Le Vaucluse, terre de VTT ? Profitant d’une situation géographique avantageuse, la région présente une grande variété de terrains et ne manque assurément ni de sites de pratiques ni de beaux sentiers. Après notre escapade autour du Ventoux l’année dernière (lire Découverte | Vaucluse : les secrets du Mont Ventoux), La Provence à Vélo nous a cette fois proposé de descendre un peu plus au sud pour découvrir un territoire dont le nom ne vous est certainement pas inconnu : le Luberon. Suivez le guide !

Le VTT dans le Luberon, c’est une longue histoire. Très longue même, puisqu’elle commence  au milieu des années 80, alors que l’activité n’en est qu’à ses premiers balbutiements en France et pas beaucoup plus vieille de manière générale. Aujourd’hui, la communauté VTT y est donc très développée et c’est à sa rencontre que nous sommes partis.

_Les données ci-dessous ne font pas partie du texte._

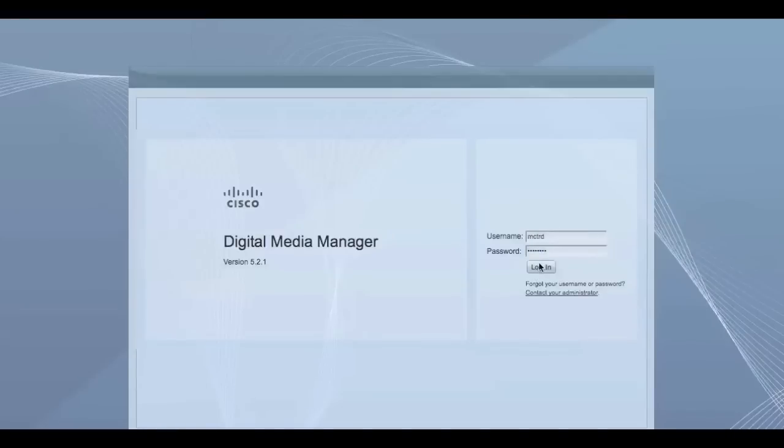This video will focus on logging in, creating, and publishing content on the Cisco Digital Media system.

Des pionniers à ceux qui préparent l’avenir du VTT dans la région en passant par celles et ceux qui écrivent son présent, nous avons roulé avec 6 figures locales. Entre diversité, contrastes, cohabitation et partage, elles nous racontent « leur » Luberon.

Les premiers pas

Notre voyage commence par une sortie en compagnie de Fabrice Taillefer autour de la vallée de l’Aiguebrun. Un petit vallon discret et tranquille en apparence, mais mondialement connu pour l’escalade car c’est ici que se cachent les célèbres falaises de Buoux.

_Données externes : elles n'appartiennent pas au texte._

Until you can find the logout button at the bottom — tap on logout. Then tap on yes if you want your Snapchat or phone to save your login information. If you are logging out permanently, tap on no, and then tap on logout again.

Fabrice, c’est un peu la même chose. D’apparence tranquille, l’homme fait partie des pionniers du VTT en France, et avec son frère Christian, ils ont fait rêver toute une génération de vététistes en herbe. La pratique était alors bien plus confidentielle et bien différente de celle qu’on connaît aujourd’hui : « Il faut savoir qu’à Apt on a eu la chance d’avoir Guy Agnel, qui avait un magasin de vélo à Apt et qui a cru dès le début au VTT.  Ce marchand de vélo a créé un groupe, une association, le VTT Luberon qui est je crois la plus vieille association VTT de France. Eux ils ont commencé en ’84, moi j’ai commencé en ’87 et petit à petit ça a fait boule de neige. Après, le frangin a été sponsorisé, il m’a embarqué dans l’aventure et comme ça on a été parmi les premiers pratiquants de VTT en France. »

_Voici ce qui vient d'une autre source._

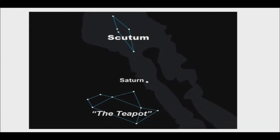The very noticeable teapot of Sagittarius is below Scutum and the very bright star, Vega, shines high above Scutum.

D’abord en compétition pendant une dizaine d’années, avec du XC puis de la DH et ensuite (surtout !) du freeride, une pratique qui a révolutionné le petit monde du VTT. Et si elle née entre autres dans le Luberon, ce n’est pas par hasard : « Le freeride c’était aussi attendu par la presse, parce qu’il y a eu beaucoup de photos en compétitions, mais ces nouvelles photos dans la nature, un petit peu extrêmes… Au niveau de l’image, nous en plus on a la chance d’avoir le Colorado Provençal avec des couleurs assez magnifiques, ça a fait des couvertures de magazine vraiment incroyables. »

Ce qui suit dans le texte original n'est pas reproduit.